Eu realmente não sabia o que teria acontecido comigo. O homem que nunca dormia teria perdido a hora? A essa altura, não encontraria Henry na cidade de Cherokee em nenhuma hipótese. Ele já deveria ter partido para os campos há muito tempo. Chegar na cidade quase na hora do almoço já acarretaria num dia de trabalho perdido. Qualquer homem trabalhador já estaria procurando seu prato de comida àquela hora do dia. Quem trabalha em lavoura, especialmente, parte para o campo bem cedo e só retorna depois que o sol se põe.

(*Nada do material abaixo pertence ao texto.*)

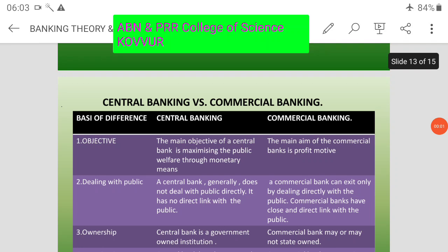Hello students, welcome to online classes ABN and PRN College of Science Kaburu.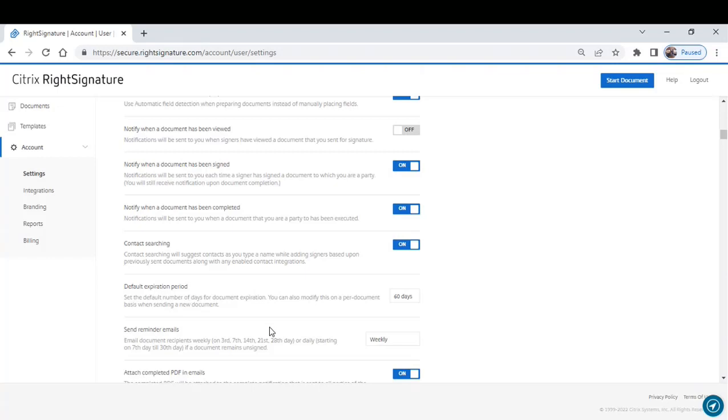You can set reminder emails. Now, this I really like and I'll tell you why. Lots of times when you're trying to get documents signed, you have to go through what I call email jail, right? You send them a document, they don't sign it, then you have to send an email, wait for them to respond, send another email.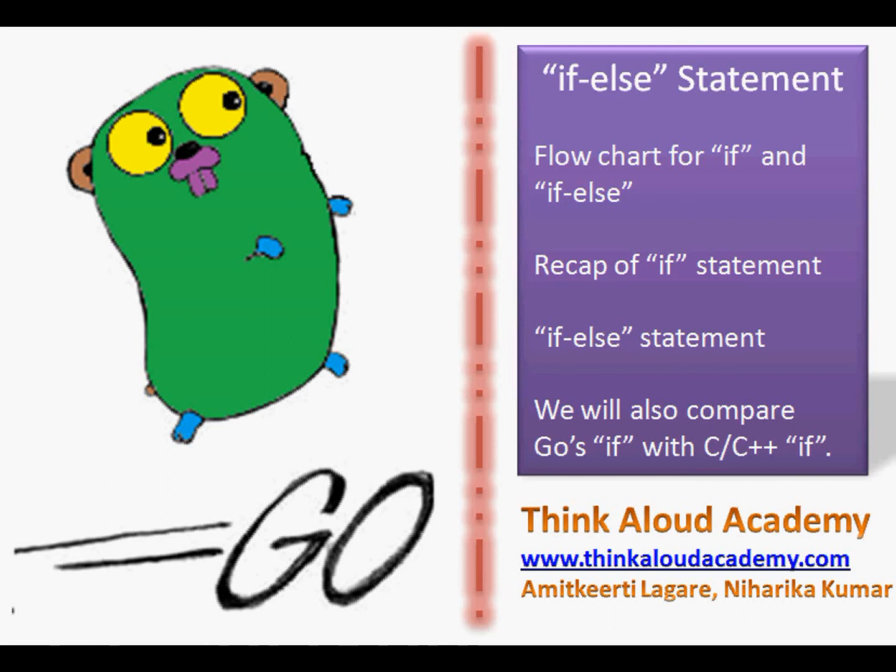Hi, this is Amitkeerti. Welcome to the third video on the series on Go programming languages. Go programming language is introduced by Google, which is a mash of dynamic programming languages like Python and static compiled languages like C or C++.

A sra. Bender havia preparado um café da manhã muito cheiroso para mim, embora o horário não condissesse mais com o desjejum. Algumas panquecas com mel silvestre, mais uma xícara de café quente. Me alimentei, acertei a estadia, e me dirigi ao estábulo para preparar minha carruagem e seguir meu caminho. O plano era procurar outra pousada já dentro da cidade de Cherokee e aguardar meu amigo em algum saloon por ali para ficar à par da situação do local. Quando cheguei ao celeiro me deparei com Junior Bender concertando uma cerca que parecia ter sido arrebentada com o vento.

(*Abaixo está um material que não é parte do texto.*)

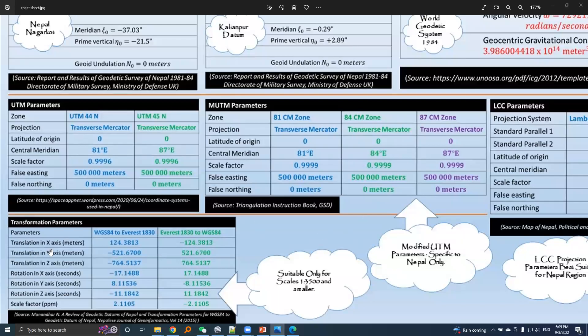Let's explore the geographic transformation model. When we want to transform our data from local data to global data, or global data to local data, we will take help of a transformation model.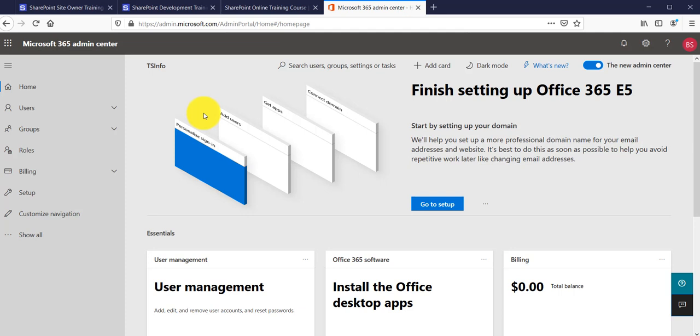If you have not signed up for an Office 365 tenant, kindly go through my previous videos. I will put all the video links in the comment section — one where you can sign up for an Office 365 Enterprise E5 license, and another where you can create a site collection.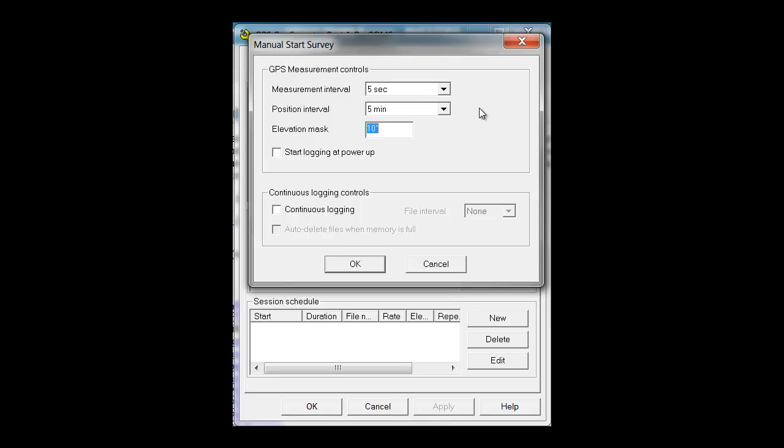I will set the correct elevation mask and choose Start Logging at PowerUp. This enables the receiver to start logging data each time the receiver is turned on and off. Every time this receiver is turned on and off, a separate T02 file will be created automatically.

Perguntei o que tinha acontecido. O rapaz se desculpou e me contou que na noite anterior, enquanto eu dormia pesadamente, um vento forte passou pela região e levou um pedaço da estrutura. Fenomeno comum naquela região eram os ventos fortes e repentinos quebrando o silencio da noite. Me impressionava aquela pousada nunca ter se planejado e reforçado suas estruras para melhor assegurar os bens de seus hóspedes. Me intrigava uma ventania quebrando o silêncio da noite e eu, com meu sono de pena de ganço, permanecer em sono profundo. Meus cavalos haviam fugido, mas o senhor do estabelecimento já estava à procura deles. Me aconselharam a entrar e esperar o almoço.

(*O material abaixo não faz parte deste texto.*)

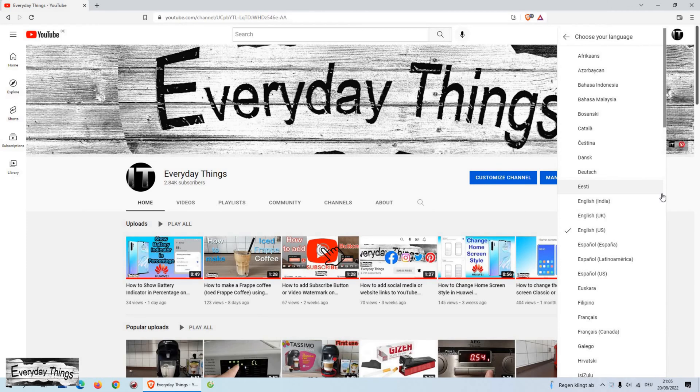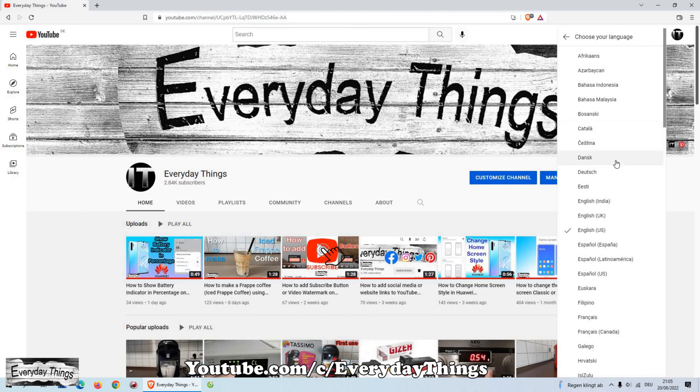Once you open the language menu, all the languages supported by YouTube will appear, just select the language you want to use.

Eu não poderia seguir meu caminho naquele momento. Já estava atrasado, e ainda perdi meus cavalos. Eu era um privilegiado, financeiramente falando, mas nunca significou que eu me disporia a pagar pelos cavalos perdidos para o locador. De qualquer modo, não adiantaria mais chegar tão cedo em Cherokee. Eu estava de mãos e pés atados, então, por que não deitar e rolar? Resolvi esperar o almoço mesmo e com sorte veria Kate novamente, com ousadia, buscaria um momento com ela. Aliás, onde andaria aquela mulher?

Antes que eu pudesse perguntar, a Sra. Bender saiu da cozinha para servir o almoço para mim e mais alguns passageiros que estavam ali. A mulher me entregou a refeição e me perguntou o que eu tinha achado de Kate. Meu coração conheceu o Ártico. A sinceridade não era uma possibilidade. Não se diz à mãe de uma jovem que você deseja devorá-la. O que eu achei de Kate? Achei que aqueles peitos chamavam minha boca e aqueles olhos enrijecia meu corpo. Achei que cabiam minhas mãos encaixadas naqueles quadris e as unhas delas encravadas nas minhas costas. Mas não podia explicar meus achismos vorazes à mãe de uma moça, então, só acenei a cabeça e disse que era muito graciosa. A mãe logo começou a reclamar. Disse que a garota já passava da hora de se casar, mas não parecia se interessar por nenhum rapaz da região, e tinha um gênio difícil. Não aceitaria um casamento arranjado. e

Estranhei o fato de a senhora Marli comentar sobre esses assuntos comigo. Ela continuou. Me perguntou se eu tinha família. Respondi que não, era casado com ciência e isso me bastava. comentou que sua filha gostara muito de mim, provavelmente por não ter muitos homens cultos pela região, e Kate sempre gostara muito de pessoas inteligentes. Senti um palpitar no coração.

A senhora Bender parecia ler meus pensamentos, pois falava exatamente o que eu queria ouvir e parecia arrancar de mim respostas para todas as suas perguntas. Justo eu que nunca fui muito de conversas pessoais.

Quando finalmente estava para perguntar onde Kate estivera toda a manhã a mulher me contou que sua filha tinha ido buscar água num riacho ali perto. O pai ainda estava a procura dos cavalos, o irmão consertando os estragos da ventania e a moça teria ido buscar água para as atividades rotineiras.

Imediatamente me ofereci para ir ajuda-la. Uma moça tão linda trazendo fazendo tamanho esforço, seria uma indelicadeza. Bom deixar claro que em outras ocasiões eu jamais me ofereceria para um trabalho braçal, mas considerando a possibilidade de passar alguns instantes a sós com Kate, eu me ofereceria até para uma viagem ao inferno.